*YOUR GOAL:* Make a verbatim copy of all the records. Skip every image.

*DATA RECORDS:*

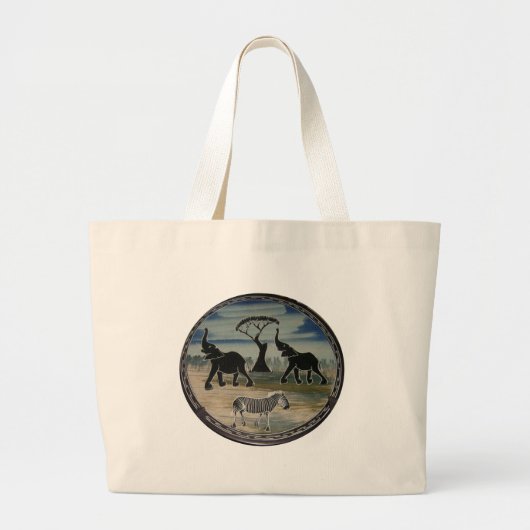 Grand Tote Bag Afrique Kenya Beau Éléphant Faune (Devant)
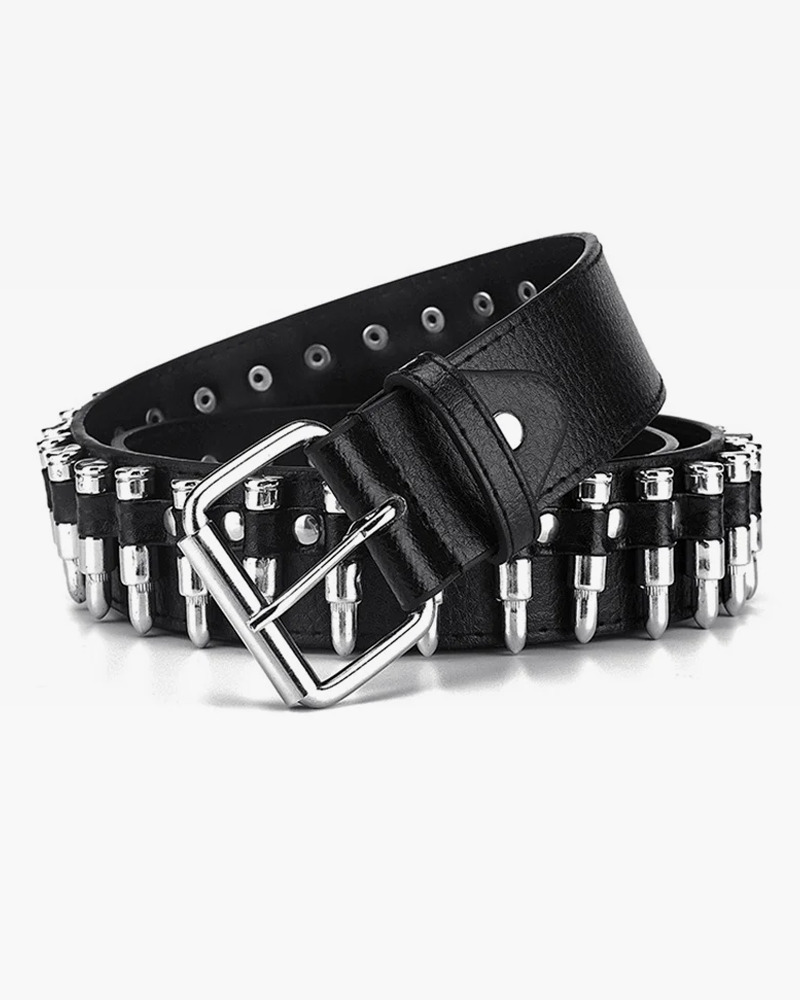 Y2K Bullet Belt - Retro 90s Grunge, Gothic, and Popstar Fashion Accessory for Y2K Outfits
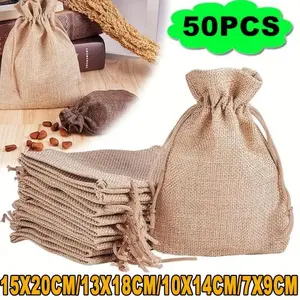 50pcs Multi-Size Reusable Linen Gift Bags - Premium Jewelry Packaging Bags For Wedding, Christmas, And Small Business Supplies - Drawstring Mouth, Soft, Breathable, And Durable -Jewelry Making Display & Packaging Supplies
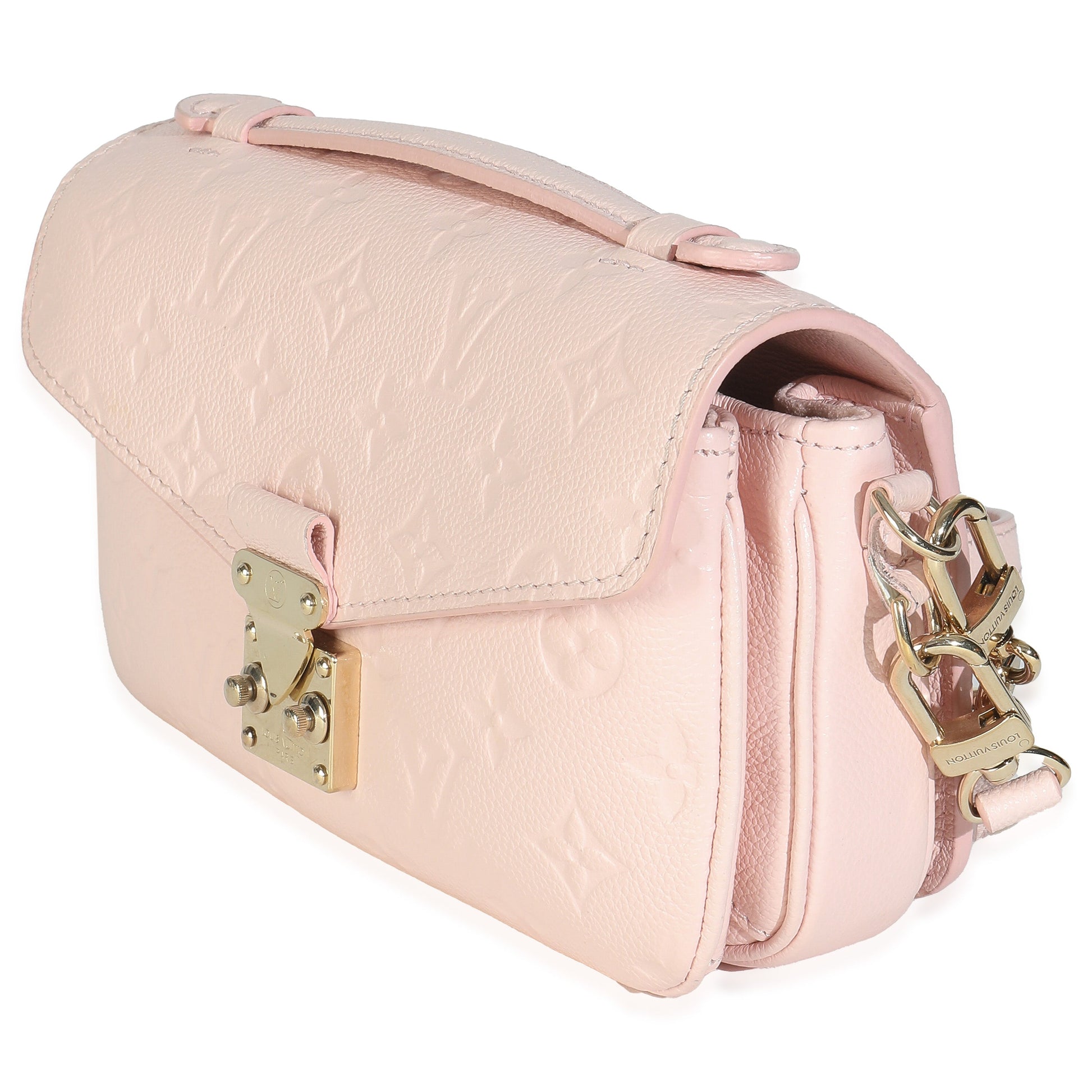 Louis Vuitton Rose Opale Empreinte Pochette Metis Monogram Pink Clutch Bag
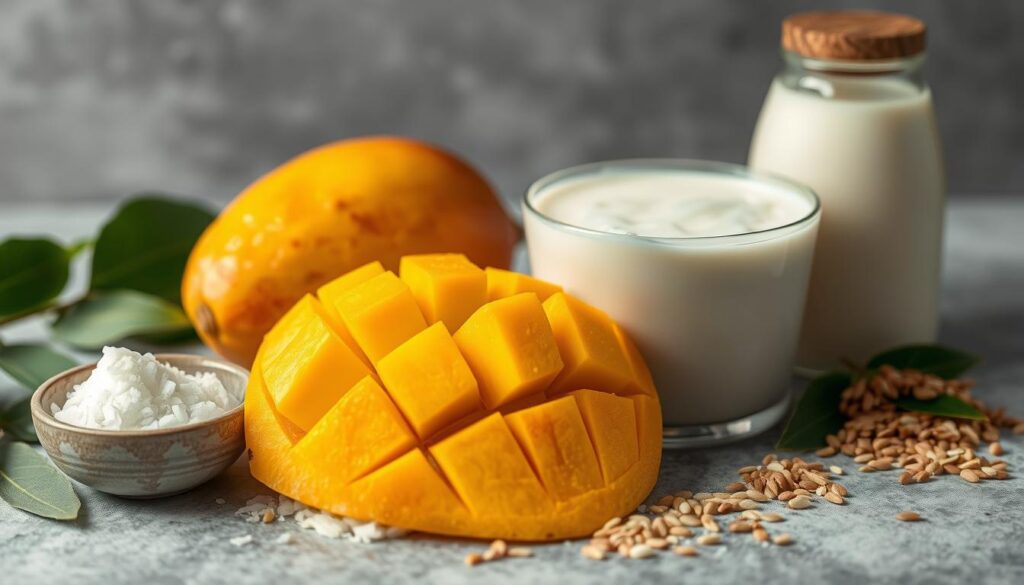 Mango Sticky Rice Ingredients: Ripe mangoes, aromatic jasmine rice, rich coconut milk, palm sugar, salt, and toasted sesame seeds. Arrange the ingredients in a serene, natural composition, with muted lighting and a soft, diffused focus, evoking the comforting and authentic flavors of this traditional Thai dessert. Capture the vibrant colors and textures of the fresh produce, the glossy sheen of the coconut milk, and the warm, earthy tones of the toasted sesame seeds. Convey a sense of rustic simplicity and wholesome goodness, as if plucked straight from a local Thai market.
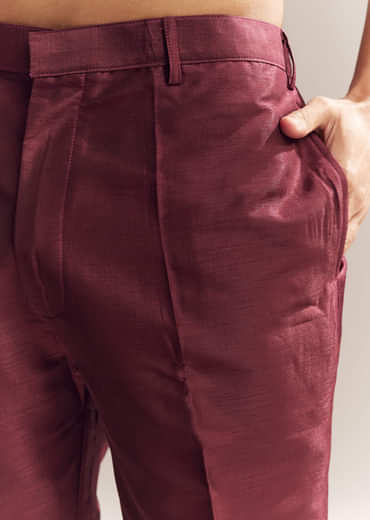 Red Silk Kurta Jacket Set For Men With Heavy Hand Work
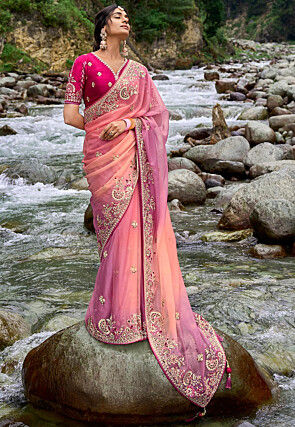 Embroidered Georgette Saree in Peach and Purple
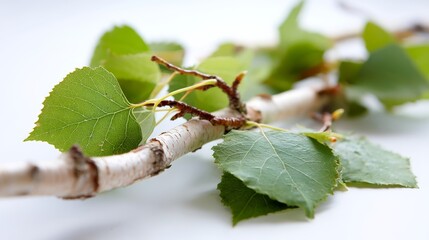 Poster - Slender birch branch with sparse green leaves arranged on a clean white surface. This composition provides a refreshing and natural aesthetic with copy space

*THE COMPLETED TASK:*
 Grand Tote Bag Afrique Kenya Beau Éléphant Faune (Devant)
 Y2K Bullet Belt - Retro 90s Grunge, Gothic, and Popstar Fashion Accessory for Y2K Outfits
 50pcs Multi-Size Reusable Linen Gift Bags - Premium Jewelry Packaging Bags For Wedding, Christmas, And Small Business Supplies - Drawstring Mouth, Soft, Breathable, And Durable -Jewelry Making Display & Packaging Supplies
 Louis Vuitton Rose Opale Empreinte Pochette Metis Monogram Pink Clutch Bag
 Mango Sticky Rice Ingredients: Ripe mangoes, aromatic jasmine rice, rich coconut milk, palm sugar, salt, and toasted sesame seeds. Arrange the ingredients in a serene, natural composition, with muted lighting and a soft, diffused focus, evoking the comforting and authentic flavors of this traditional Thai dessert. Capture the vibrant colors and textures of the fresh produce, the glossy sheen of the coconut milk, and the warm, earthy tones of the toasted sesame seeds. Convey a sense of rustic simplicity and wholesome goodness, as if plucked straight from a local Thai market.
 Red Silk Kurta Jacket Set For Men With Heavy Hand Work
 Embroidered Georgette Saree in Peach and Purple
 Poster - Slender birch branch with sparse green leaves arranged on a clean white surface. This composition provides a refreshing and natural aesthetic with copy space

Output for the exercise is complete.